The balcony is a long way off. With binoculars perhaps I could have recognised members of the Royal Family but without bins they were indistinct. The flypast was rather thrilling and emotional. I shed tears when the Spitfires flew over. The crowd was enthusiastic, applauding the Queen, singing the National Anthem and reacting to the ‘planes with the sort of wows usually heard at fireworks.
After 1 1/2 hours standing up I thought I’d have a light lunch at the Lanesborough Hotel. A beer and two Dry Martinis later I was a new man and ready to walk home. Mastaba is breathtaking although this heron doesn’t seem impressed. I like the shimmering reflection.
Across the road in Kensington Gardens the Serpentine Gallery pavilion tells another story. It is constructed of what looks like curved concrete roof tiles. Collectively they look like an impenetrable barrier. It is a step beyond Brutalism; it is Concentration Camp.
Lovely stuff. By the way, I hope and at least half believe yr earlier prediction of Mrs M’s resignation inside July will prove to be wrong. I would not at all rule out or mind a radical re-working of the Tory party arising from some version of Peelite ructions. But I wd v much like Mrs May to come out of it all well after all.

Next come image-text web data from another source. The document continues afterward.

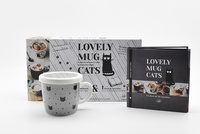  I2C - Lovely mug cats, coeur - Avec un mug et son couvercle.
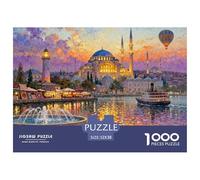 Istanbul Santa Sofia Crepuscolo Puzzle in Legno Impermeabile DIY Puzzles Da 1000 Pezzi Per Adulti Impossibili Per Decorazioni Domestiche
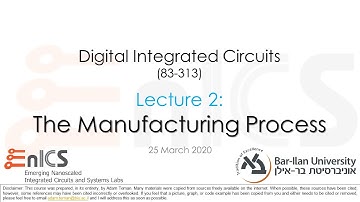 VLSI - Lecture 2a: The Manufacturing Process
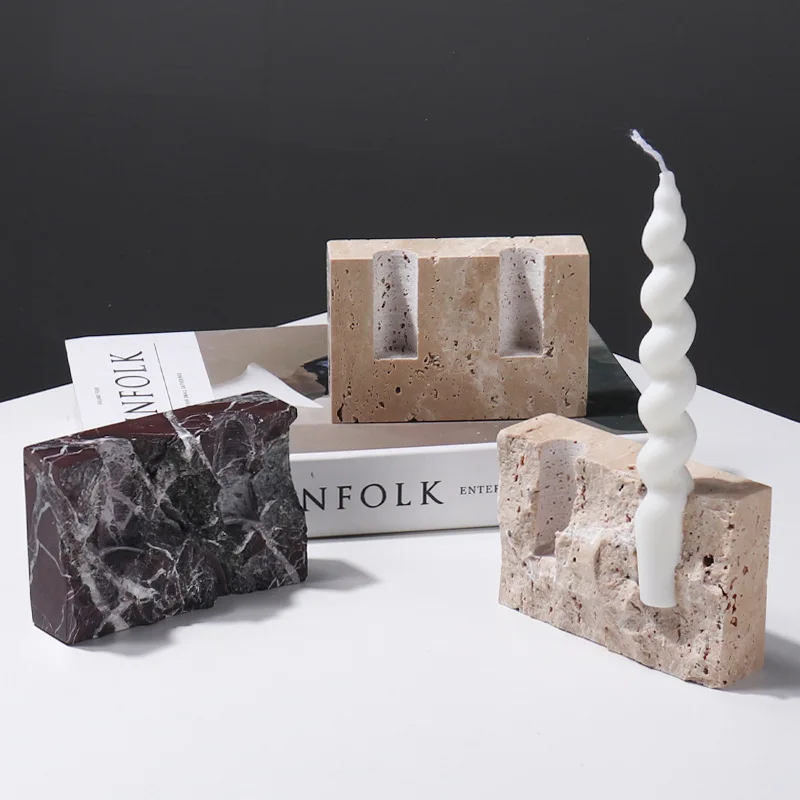 Natural Marble Stone Candle Ho – Vintage Collectible Marbles recenzja i cena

As you know, I, too, was in the Mall to watch the flypast. And like you shed a tear ( as usual) when the Battle of Britain flight flew over, which I wiped away surreptitiously.
A trustee of the Benevolent Society of St Patrick was also present. He had never seen the Queen in the flesh and stood close to the Victoria Memorial with his binoculars. He saw something I missed – two royal children peeping out of an upstairs window with their mother, the Duchess of Cambridge, before their balcony appearance for the flypast.